[Collected data entries]

────────────────────────────────────────

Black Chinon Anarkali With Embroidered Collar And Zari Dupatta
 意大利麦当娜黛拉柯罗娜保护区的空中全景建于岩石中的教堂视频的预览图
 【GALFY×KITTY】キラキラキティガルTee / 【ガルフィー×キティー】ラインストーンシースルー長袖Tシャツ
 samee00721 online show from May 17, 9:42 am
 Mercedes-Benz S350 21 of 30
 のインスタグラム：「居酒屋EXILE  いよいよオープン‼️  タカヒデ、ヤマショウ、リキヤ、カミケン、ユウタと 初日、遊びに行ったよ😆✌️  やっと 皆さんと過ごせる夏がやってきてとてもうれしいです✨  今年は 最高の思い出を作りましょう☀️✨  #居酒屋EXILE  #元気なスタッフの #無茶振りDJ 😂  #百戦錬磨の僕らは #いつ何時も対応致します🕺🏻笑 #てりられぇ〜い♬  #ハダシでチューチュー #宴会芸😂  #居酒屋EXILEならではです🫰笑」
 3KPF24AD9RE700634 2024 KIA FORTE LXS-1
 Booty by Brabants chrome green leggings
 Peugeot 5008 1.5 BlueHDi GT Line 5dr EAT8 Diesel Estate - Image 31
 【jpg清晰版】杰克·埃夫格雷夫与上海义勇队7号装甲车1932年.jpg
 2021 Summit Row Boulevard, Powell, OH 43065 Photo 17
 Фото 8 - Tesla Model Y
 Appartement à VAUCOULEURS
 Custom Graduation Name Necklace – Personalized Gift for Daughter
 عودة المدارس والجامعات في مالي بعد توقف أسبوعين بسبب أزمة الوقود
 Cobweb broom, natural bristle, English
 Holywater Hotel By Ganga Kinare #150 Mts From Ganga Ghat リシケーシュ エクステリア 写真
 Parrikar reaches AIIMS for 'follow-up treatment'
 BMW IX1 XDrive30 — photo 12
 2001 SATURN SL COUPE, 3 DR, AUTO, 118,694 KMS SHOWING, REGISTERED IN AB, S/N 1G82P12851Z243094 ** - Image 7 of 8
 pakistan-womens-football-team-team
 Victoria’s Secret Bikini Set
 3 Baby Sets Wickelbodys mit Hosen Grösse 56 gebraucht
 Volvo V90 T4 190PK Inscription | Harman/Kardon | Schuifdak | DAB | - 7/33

────────────────────────────────────────

Nothing should appear in the output except the lines from the one with "Peugeot 5008 1.5" through the end of the records above, copied exactly.

 Peugeot 5008 1.5 BlueHDi GT Line 5dr EAT8 Diesel Estate - Image 31
 【jpg清晰版】杰克·埃夫格雷夫与上海义勇队7号装甲车1932年.jpg
 2021 Summit Row Boulevard, Powell, OH 43065 Photo 17
 Фото 8 - Tesla Model Y
 Appartement à VAUCOULEURS
 Custom Graduation Name Necklace – Personalized Gift for Daughter
 عودة المدارس والجامعات في مالي بعد توقف أسبوعين بسبب أزمة الوقود
 Cobweb broom, natural bristle, English
 Holywater Hotel By Ganga Kinare #150 Mts From Ganga Ghat リシケーシュ エクステリア 写真
 Parrikar reaches AIIMS for 'follow-up treatment'
 BMW IX1 XDrive30 — photo 12
 2001 SATURN SL COUPE, 3 DR, AUTO, 118,694 KMS SHOWING, REGISTERED IN AB, S/N 1G82P12851Z243094 ** - Image 7 of 8
 pakistan-womens-football-team-team
 Victoria’s Secret Bikini Set
 3 Baby Sets Wickelbodys mit Hosen Grösse 56 gebraucht
 Volvo V90 T4 190PK Inscription | Harman/Kardon | Schuifdak | DAB | - 7/33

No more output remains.